Exercise goal ▸ If a record holds a picture, leave the picture out, but write out everything else exactly.

The records ▸
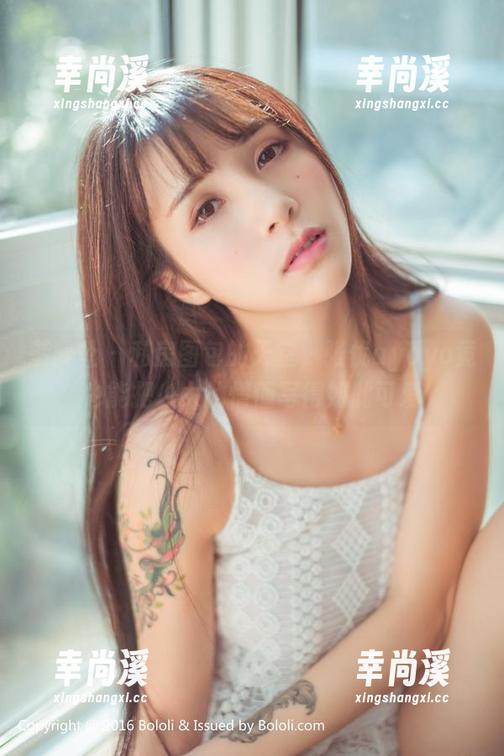 菠萝社 - 私房图包的天堂，张优ayoyo竟也能把少女的懵懂写得如此可爱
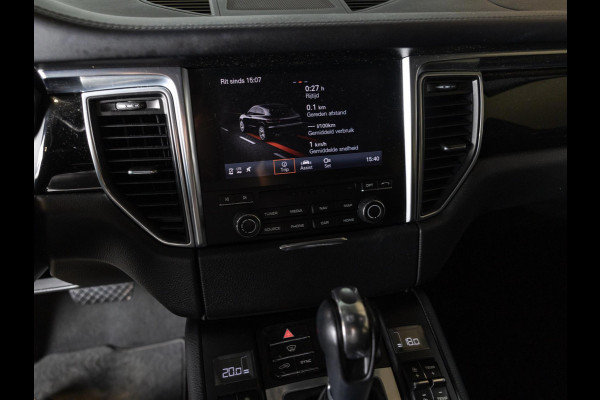 Porsche Macan 3.0 S / 340pk / Panorama dak / Trekhaak / Stoelverwarming /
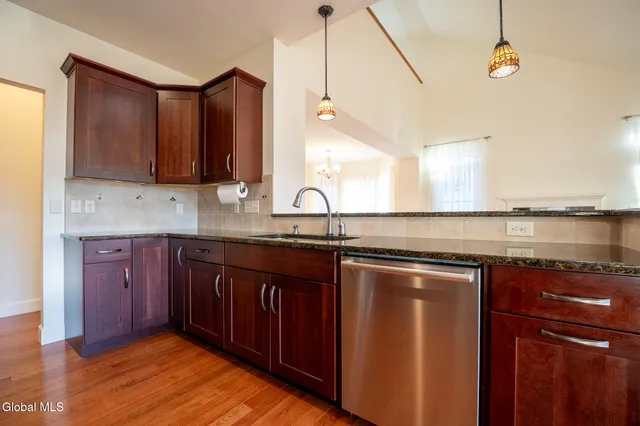 $539,900 | 14 St Marks Square, Guilderland, NY 12159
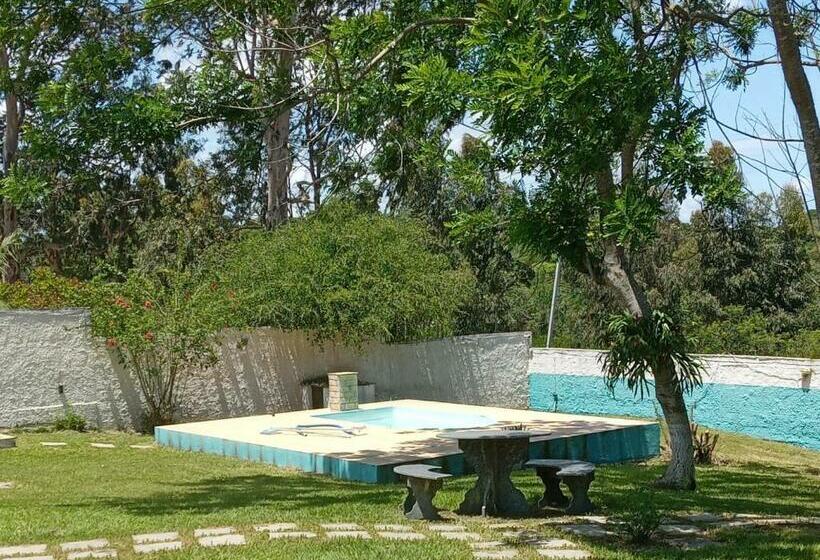 בית מלון כפרי Lirios Da Vila Pousada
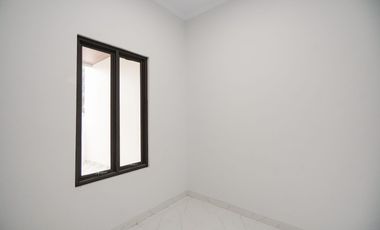 Rumah 3 Kamar SHM 6 Menit ke RS Taman Harapan Baru Hadap Timur J-38437
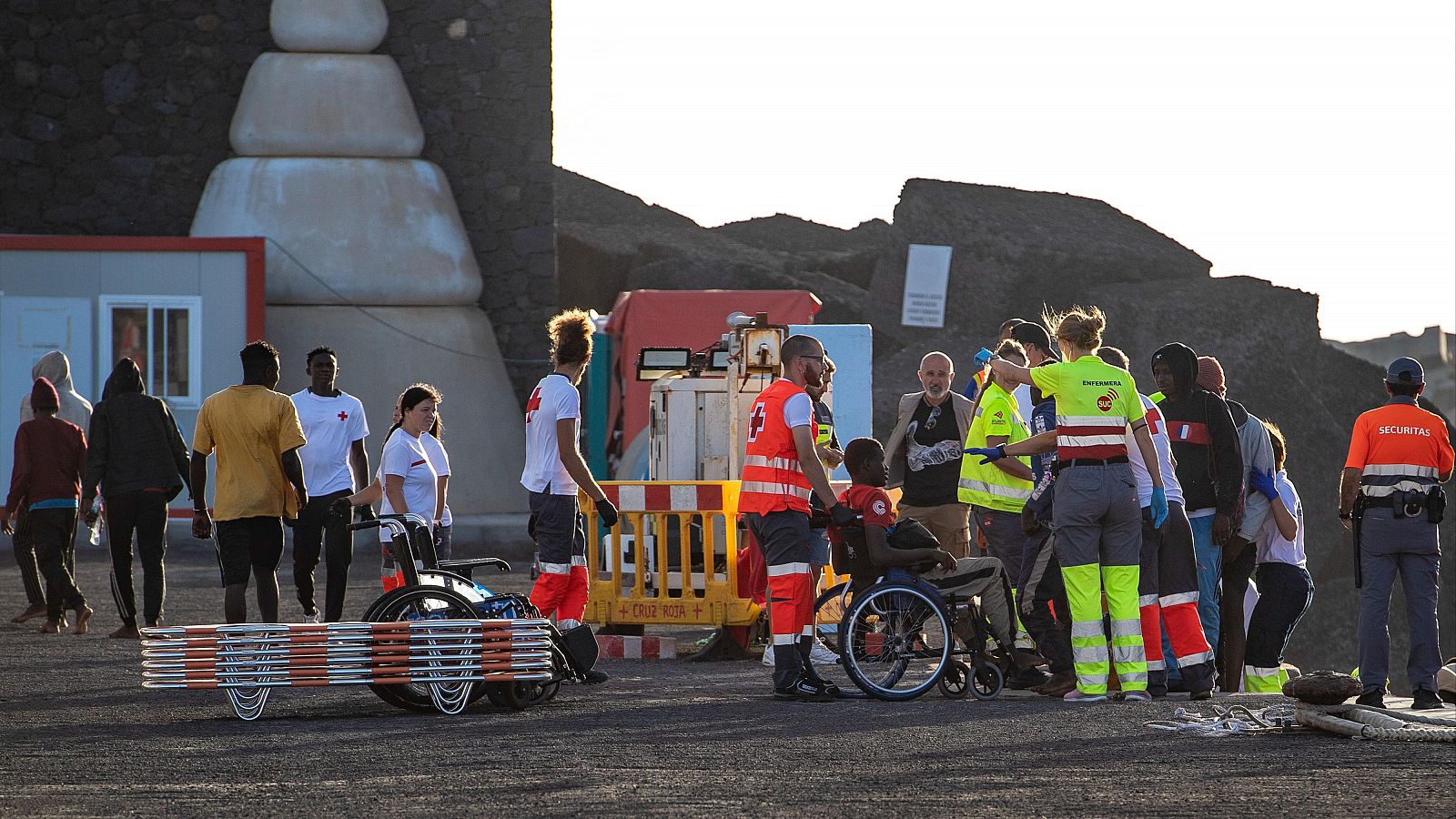 Los servicios sanitarios atienden a los migrantes llegados en cayuco, en el puerto de La Restinga, a 31 de agosto de 2024, en El Hierro, Canarias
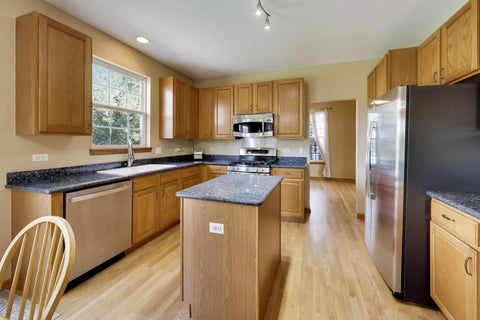 Tiny photo for 14106 Glenwood Court, Libertyville, IL 60048 (MLS # 12723059)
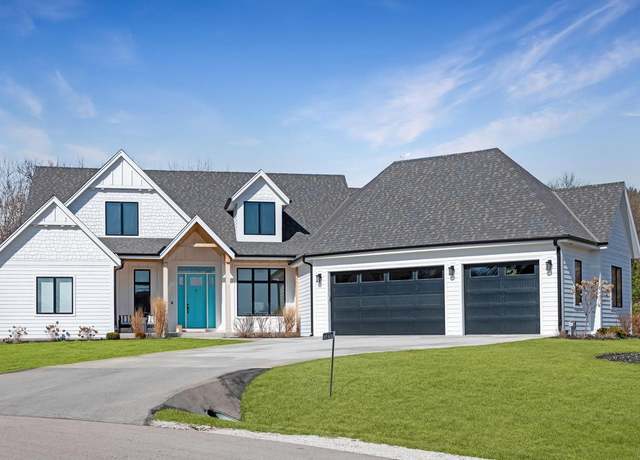 Property at W305N6368 Fairwater Ct, Hartland, WI 53029, 4 beds, 3.5 baths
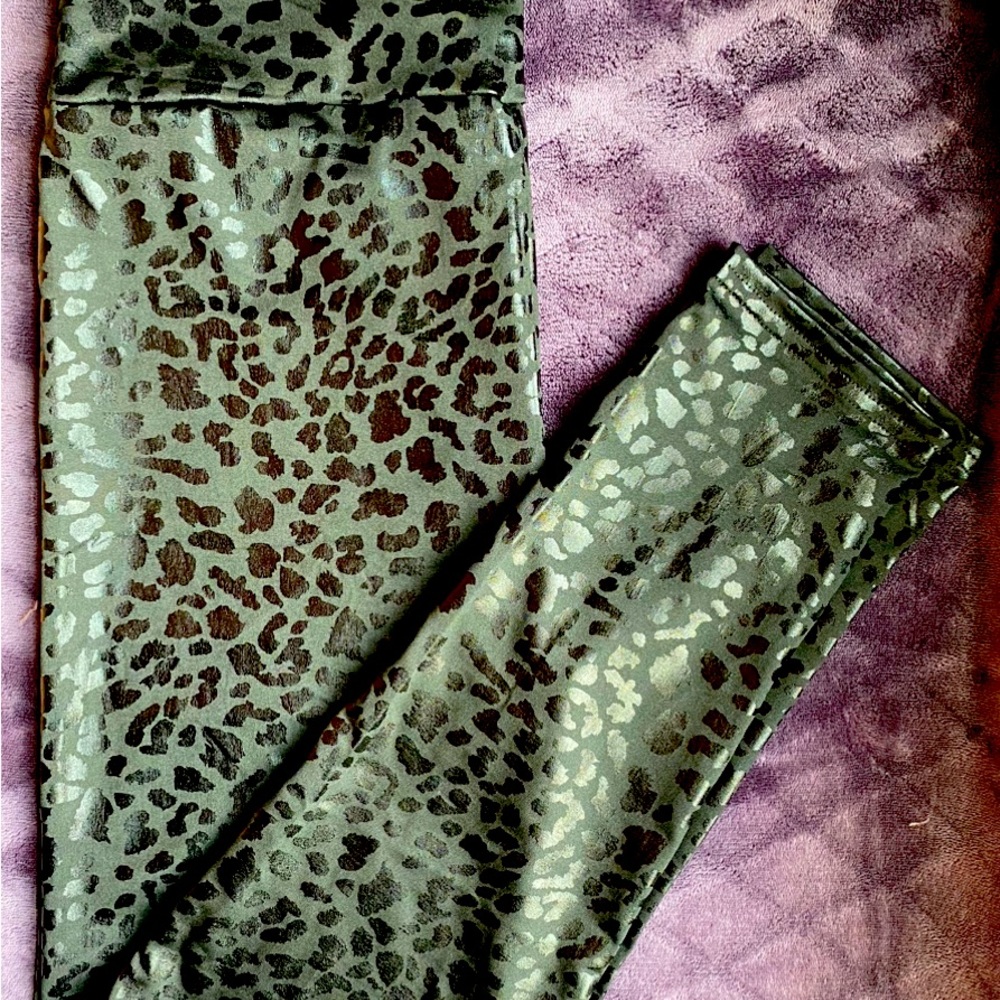 Black leggings size Medium, new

Solution ▸
 菠萝社 - 私房图包的天堂，张优ayoyo竟也能把少女的懵懂写得如此可爱
 Porsche Macan 3.0 S / 340pk / Panorama dak / Trekhaak / Stoelverwarming /
 $539,900 | 14 St Marks Square, Guilderland, NY 12159
 בית מלון כפרי Lirios Da Vila Pousada
 Rumah 3 Kamar SHM 6 Menit ke RS Taman Harapan Baru Hadap Timur J-38437
 Los servicios sanitarios atienden a los migrantes llegados en cayuco, en el puerto de La Restinga, a 31 de agosto de 2024, en El Hierro, Canarias
 Tiny photo for 14106 Glenwood Court, Libertyville, IL 60048 (MLS # 12723059)
 Property at W305N6368 Fairwater Ct, Hartland, WI 53029, 4 beds, 3.5 baths
 Black leggings size Medium, new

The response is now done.